At least 74 people were killed in the riot on February 1, 2012, which began minutes after the final whistle in a game between al-Masry and the Cairo-based al-Ahly.
Al-Masry fans stormed the pitch after their team won, throwing stones, bottles and fireworks at al-Ahly supporters.
Witnesses said that police at the stadium did nothing to stop the violence, which set off days of violent protests in the capital Cairo.
The verdicts are not final; death sentences must be approved by Egypt’s grand mufti, though that is largely a procedural formality. Defendants can also appeal their sentences, which could take years to carry out.
After the verdicts were handed down, the families of the defendants tried to storm the prison, and police used tear gas to disperse them.
There were reports of gunfire around the prison, with 30 people killed, including at least two police officers who were shot dead.
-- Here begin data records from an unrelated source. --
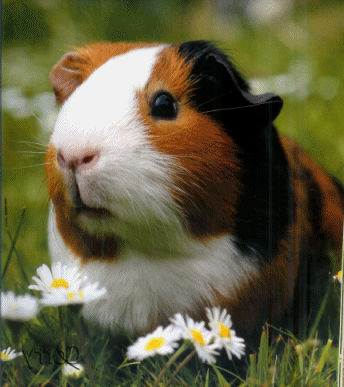 Cavia - Wild and Pet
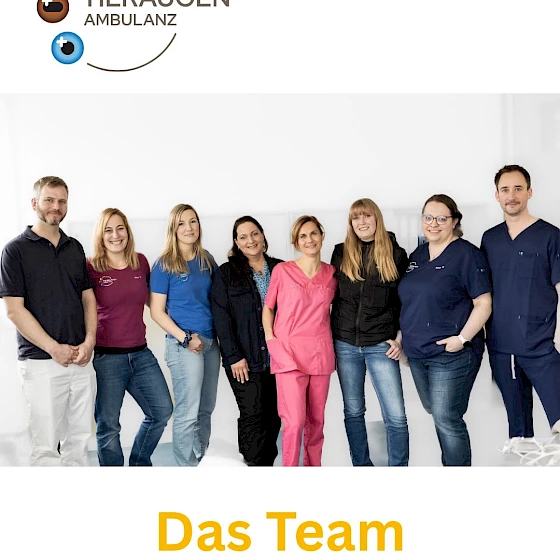 Unser Team der Tieraugenambulanz - mit Herz, Fachwissen und ganz viel Liebe für…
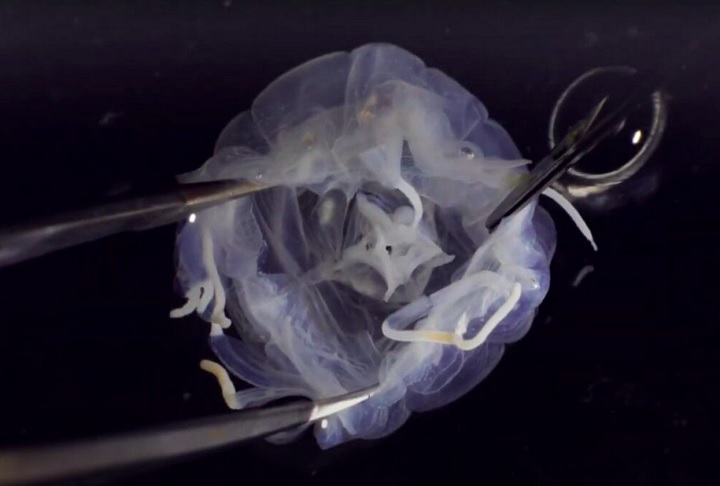 O achado foi resultado de um trabalho sistemÃ¡tico realizado ao longo de trÃªs anos em tanques de camarÃµes de Ã¡gua salobra da regiÃ£o. 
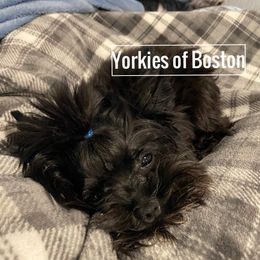 Ozzy - Yorkshire Terrier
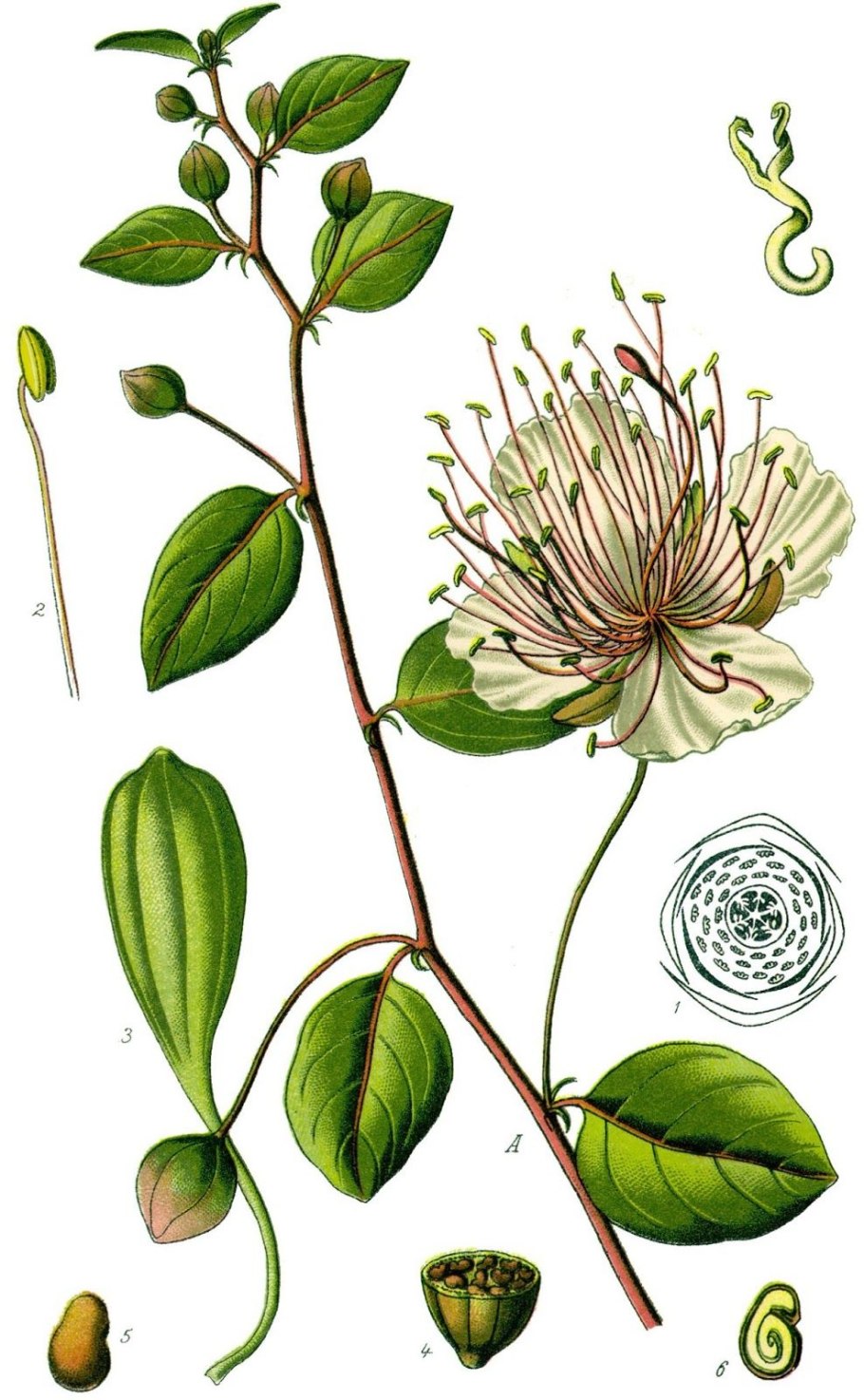Capparis zeylanica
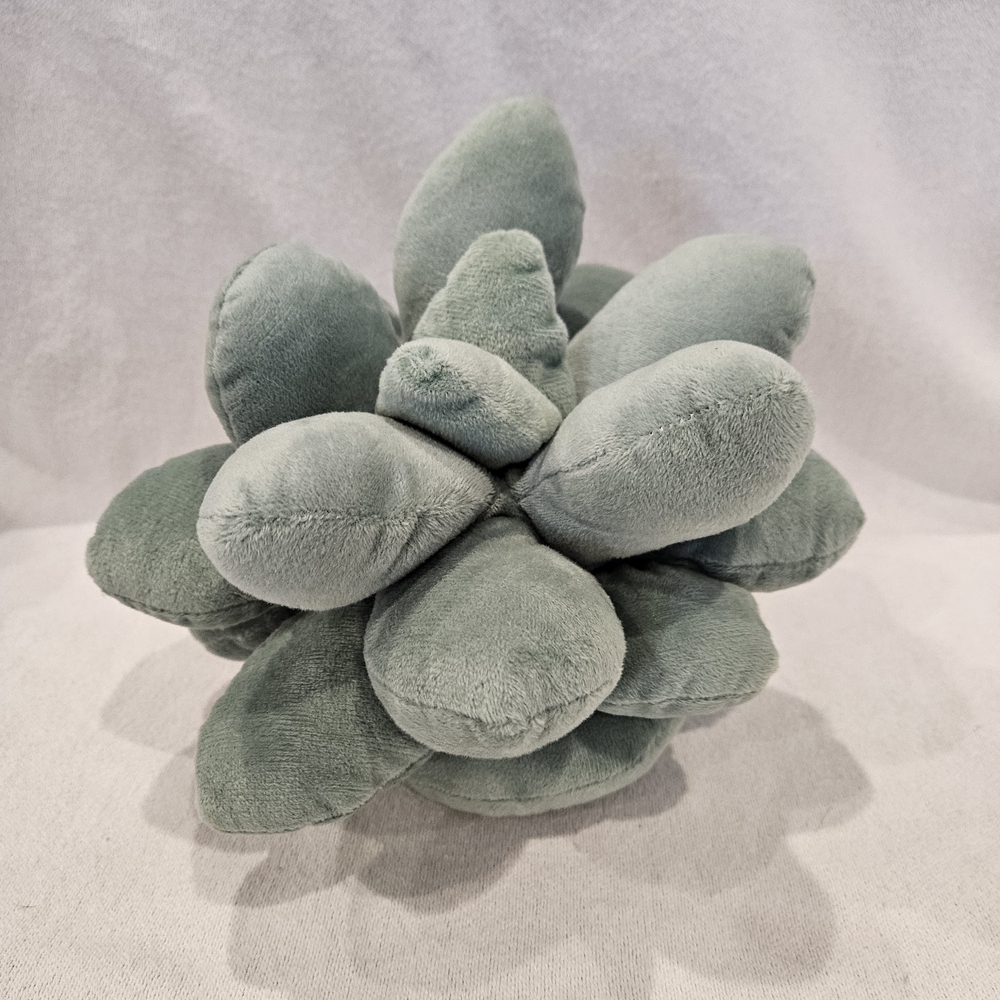 Plush Succulent Pillow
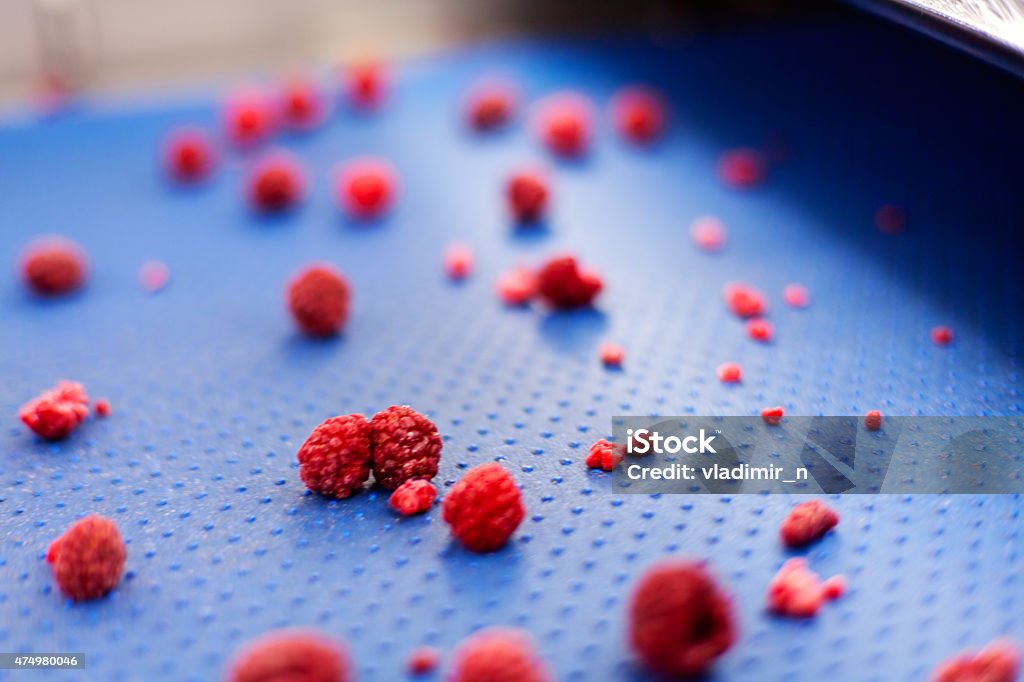 frozen raspberry processing business frozen red raspberries inlaser sorting and processing machine 2015 Stock Photo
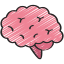 Brain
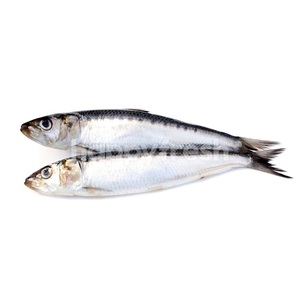 Pescado Barracuda congelado de grado superior ahora disponible para suministros al por mayor al mejor precio - Product Image 2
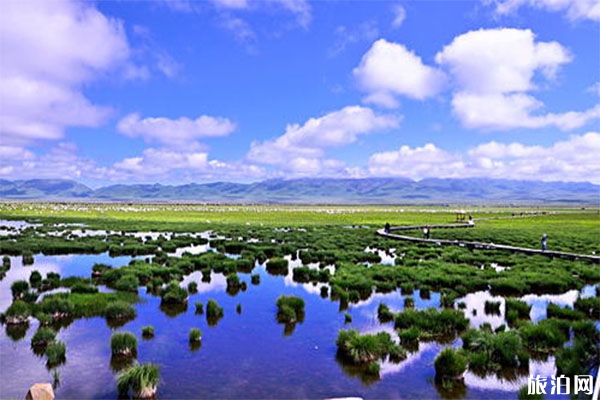 若爾蓋花湖風景區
Police have now sealed off Port Said, and the army has been deployed to “restore stability”; a curfew has been imposed in the area around the prison.
“It has been decided to deploy some units to work for calm and stability and the protection of public establishments,” said General Ahmed Wasfi, in a statement carried by the official MENA news agency.
Al Jazeera’s Rawya Rageh, reporting from the city, said that people in plainclothes were firing automatic weapons.
‘Justice or blood’
Families of the victims inside the courtroom, meanwhile, reacted with joy and disbelief, cheering and holding pictures of their relatives. “The police are thugs,” yelled relatives before the judge took the bench.
Hassan Mustafa, who had pinned a photo of his dead friend to his chest, said he was pleased with the verdict, but also wants “justice served for those who planned the killing.”
The verdicts were also met with cheers by al-Ahly supporters who had gathered outside the football club in Cairo.
But the rulings will likely be seen as political – an effort to appease the “Ultras Ahlawy,” die-hard supporters of al-Ahly, who threatened unrest in the capital if the rulings were not to their liking.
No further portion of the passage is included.